In 1850 Lord Elgin felt himself obliged to give a liberal Minister in England his views in the following terms:

"You must renounce the habit of telling the colonies that the colonial is a provisional existence. You must allow them to believe that, without severing the bonds which unite them to Great Britain, they may attain the degree of perfection, and of social and political development, to which organized communities have a right to aspire. There is nothing

which makes the colonial statesman so jealous as rescripts from the Colonial Office suggested by the representations of provincial cliques or interests, who ought, as he contends, to bow before the authorities of Government House, Montreal, rather than those of Downing Street."
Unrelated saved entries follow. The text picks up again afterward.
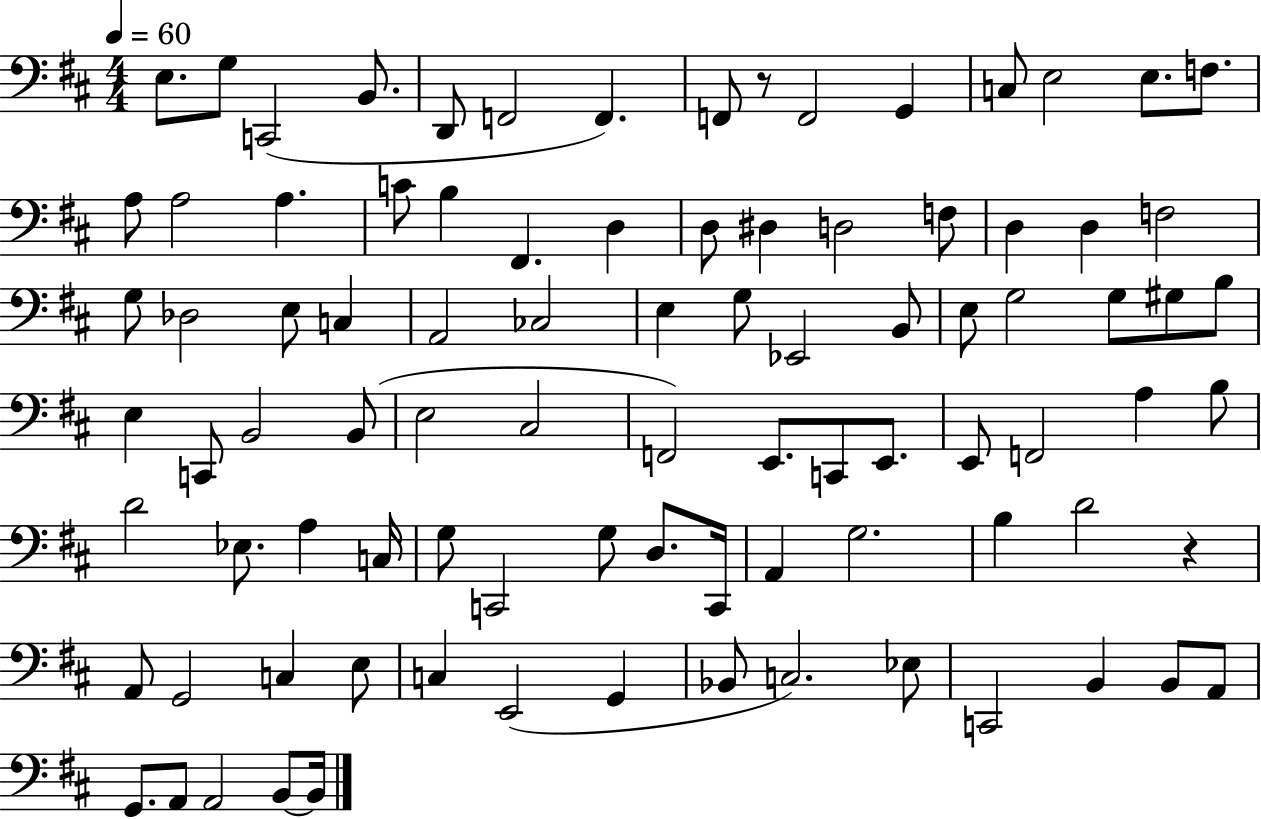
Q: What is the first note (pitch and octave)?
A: E3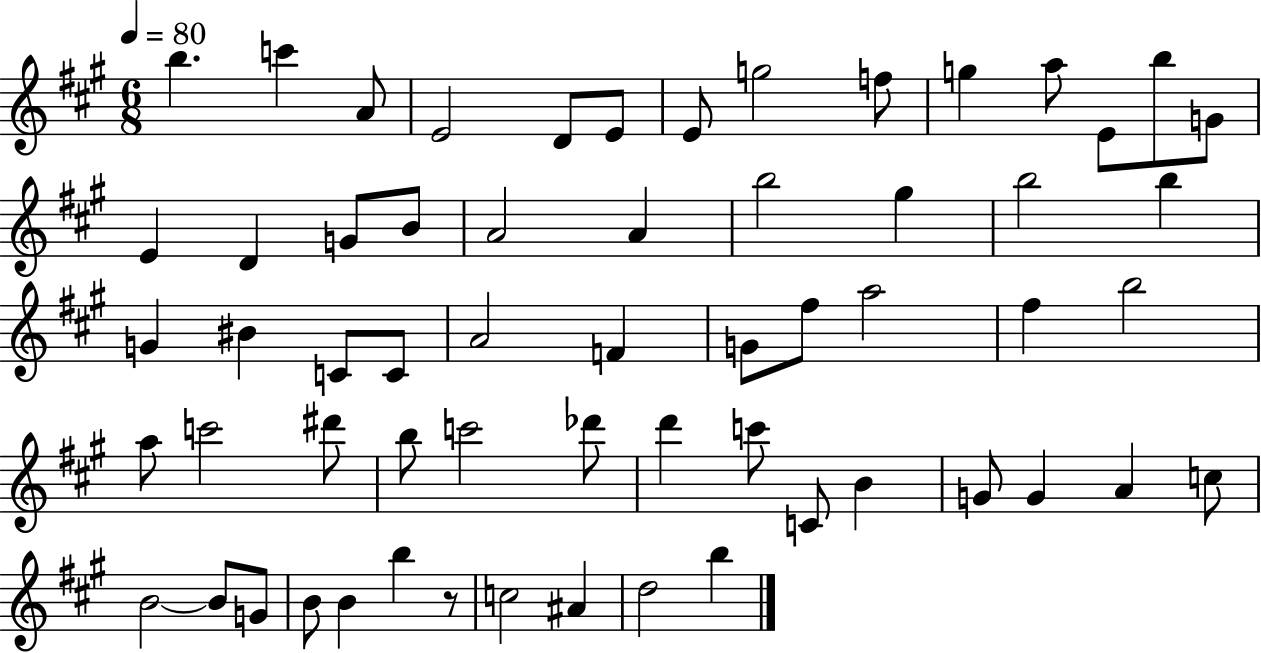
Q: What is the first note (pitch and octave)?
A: B5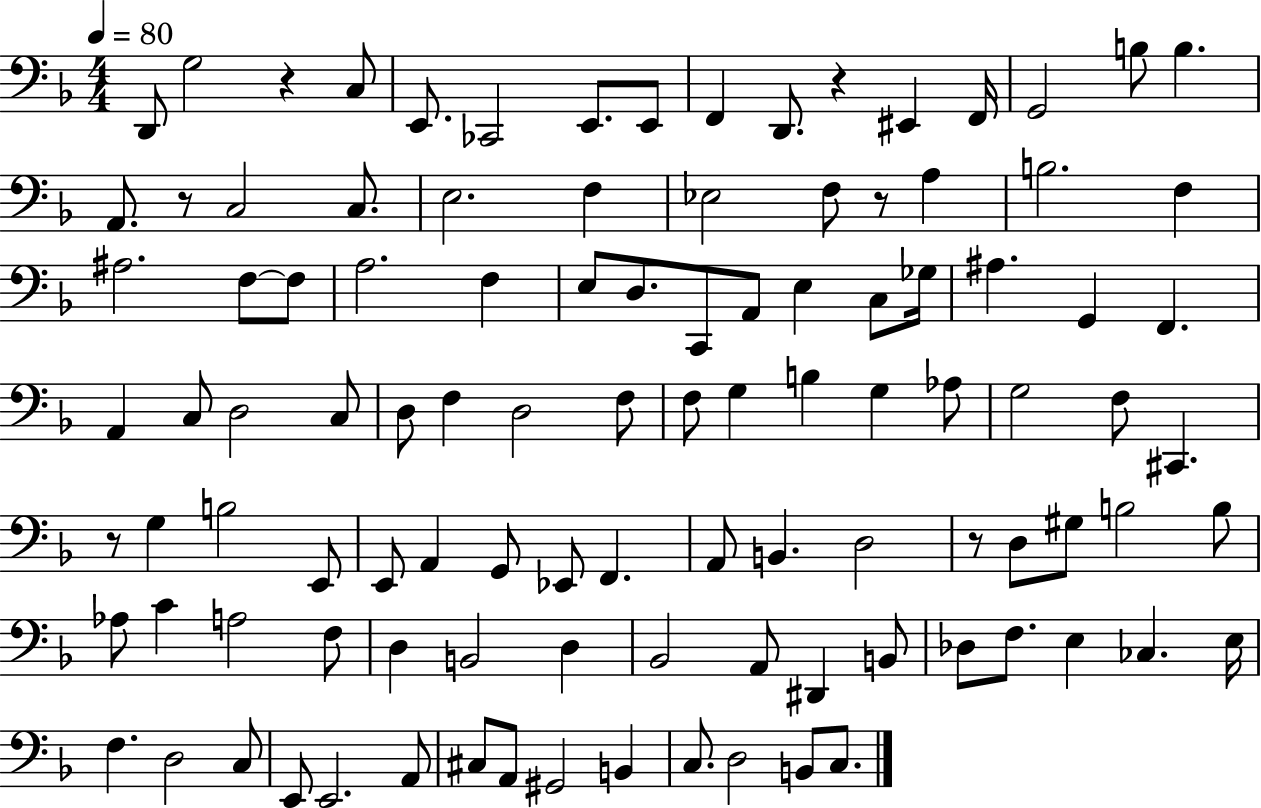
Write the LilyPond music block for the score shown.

{
  \clef bass
  \numericTimeSignature
  \time 4/4
  \key f \major
  \tempo 4 = 80
  \repeat volta 2 { d,8 g2 r4 c8 | e,8. ces,2 e,8. e,8 | f,4 d,8. r4 eis,4 f,16 | g,2 b8 b4. | \break a,8. r8 c2 c8. | e2. f4 | ees2 f8 r8 a4 | b2. f4 | \break ais2. f8~~ f8 | a2. f4 | e8 d8. c,8 a,8 e4 c8 ges16 | ais4. g,4 f,4. | \break a,4 c8 d2 c8 | d8 f4 d2 f8 | f8 g4 b4 g4 aes8 | g2 f8 cis,4. | \break r8 g4 b2 e,8 | e,8 a,4 g,8 ees,8 f,4. | a,8 b,4. d2 | r8 d8 gis8 b2 b8 | \break aes8 c'4 a2 f8 | d4 b,2 d4 | bes,2 a,8 dis,4 b,8 | des8 f8. e4 ces4. e16 | \break f4. d2 c8 | e,8 e,2. a,8 | cis8 a,8 gis,2 b,4 | c8. d2 b,8 c8. | \break } \bar "|."
}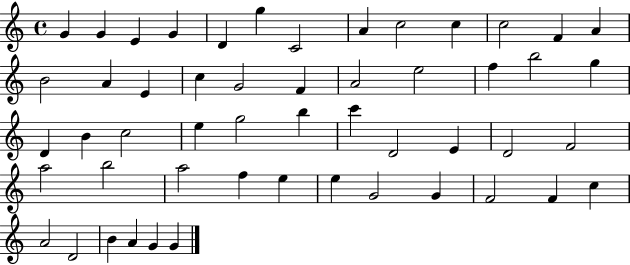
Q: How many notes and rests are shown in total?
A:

Lord Sydenham, notwithstanding his English Whig training, formed an administration of men who had never acted together, and who could not honestly do so in the future. The sole bond of union was the personal influence of the Governor-General himself, who hoped in this way to retain in his own hands an amount of power and influence wholly inconsistent with a system of responsible government.

No vigorous effort was put forth anywhere to demand the inauguration of the new system by a full recognition of its principles. The presence of Robert Baldwin and R. B. Sullivan in company with Wm. H. Draper, in an ordinary administration, sufficiently indicated the compromise character of the principles which would govern it in its administrative capacity, and also in its legislative programme.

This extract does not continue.